Quando o assunto são drogas existe uma grande confusão na interpretação do que é e o que não é crime no Brasil. O senso comum acerta em parte. Em geral, todos sabem que as consequências criminais para usuários de drogas são menores do que para traficantes. Mas é só. A partir daí tudo parece obscuro. Então, vamos esclarecer.

Primeiro de tudo, a posse de drogas para uso próprio não foi descriminalizada como se diz, ela foi “desencarcerizada”, ou seja, não se prende mais o cidadão, mas ele ainda responde pelo crime.

A lei brasileira realmente faz distinção entre quem tem drogas para uso próprio e quem tem drogas para fins de tráfico.

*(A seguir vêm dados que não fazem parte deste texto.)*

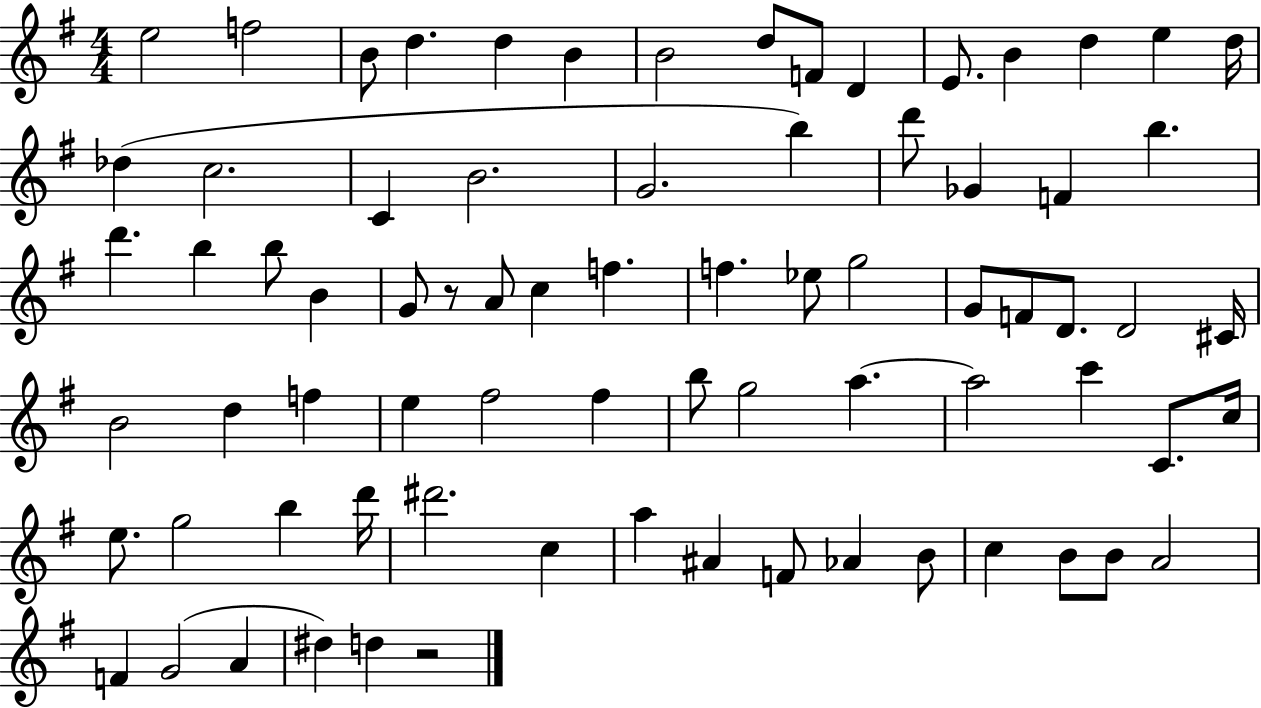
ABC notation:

X:1
T:Untitled
M:4/4
L:1/4
K:G
e2 f2 B/2 d d B B2 d/2 F/2 D E/2 B d e d/4 _d c2 C B2 G2 b d'/2 _G F b d' b b/2 B G/2 z/2 A/2 c f f _e/2 g2 G/2 F/2 D/2 D2 ^C/4 B2 d f e ^f2 ^f b/2 g2 a a2 c' C/2 c/4 e/2 g2 b d'/4 ^d'2 c a ^A F/2 _A B/2 c B/2 B/2 A2 F G2 A ^d d z2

Enquanto a posse para uso não permite prisão em flagrante e a pena mais pesada para o usuário é de prestação de serviços à comunidade,  a pena mínima para tráfico é de cinco anos, e por ser crime hediondo, a progressão do regime fechado pro aberto é mais difícil.

Ao contrário do que muitos pensam, a lei não define uma quantidade mínima ou máxima para alguém ser tratado como traficante ou usuário, também não tem nenhum critério objetivo, somente subjetivos .

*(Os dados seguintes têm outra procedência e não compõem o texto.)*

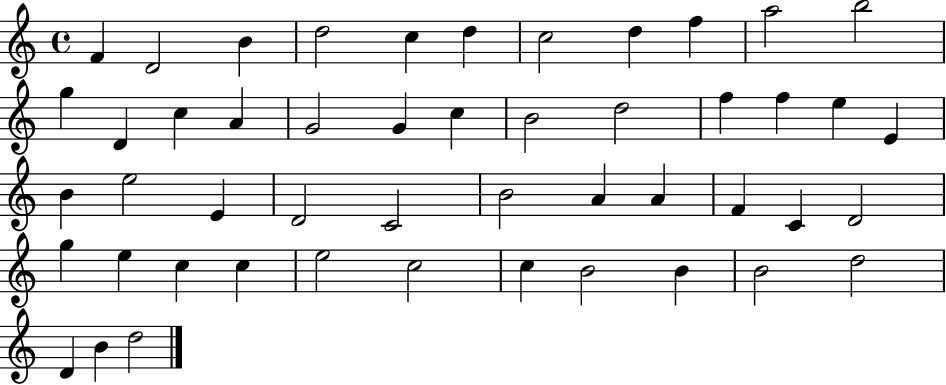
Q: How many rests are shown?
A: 0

Teoricamente, ter dez quilos de maconha em casa, poderia ser considerado tanto como para uso, quanto para tráfico, dependeria de se verificar qual o objetivo da pessoa. Se ela fez um estoque pra muito tempo, ou se objetivo dela é distribuir aquela droga a terceiros, sendo ou não remunerado.

“para determinar se a droga destinava-se a consumo pessoal, o juiz atenderá à natureza e à quantidade da substância apreendida, ao local e às condições em que se desenvolveu a ação, às circunstâncias sociais e pessoais, bem como à conduta e aos antecedentes do agente. “

Não é o objetivo aqui exaurir cada um desses elementos, mas posso resumir com DEPENDE DA CARA DO FREGUÊS, quanto mais “cara de traficante” a pessoa tiver, mais chance ela terá de ser tratada como tal, mesmo que a droga seja para uso próprio. A questão é, “o que é cara de traficante?”, não vou responder essa pergunta, acho que já puderam entender bem o que quero dizer.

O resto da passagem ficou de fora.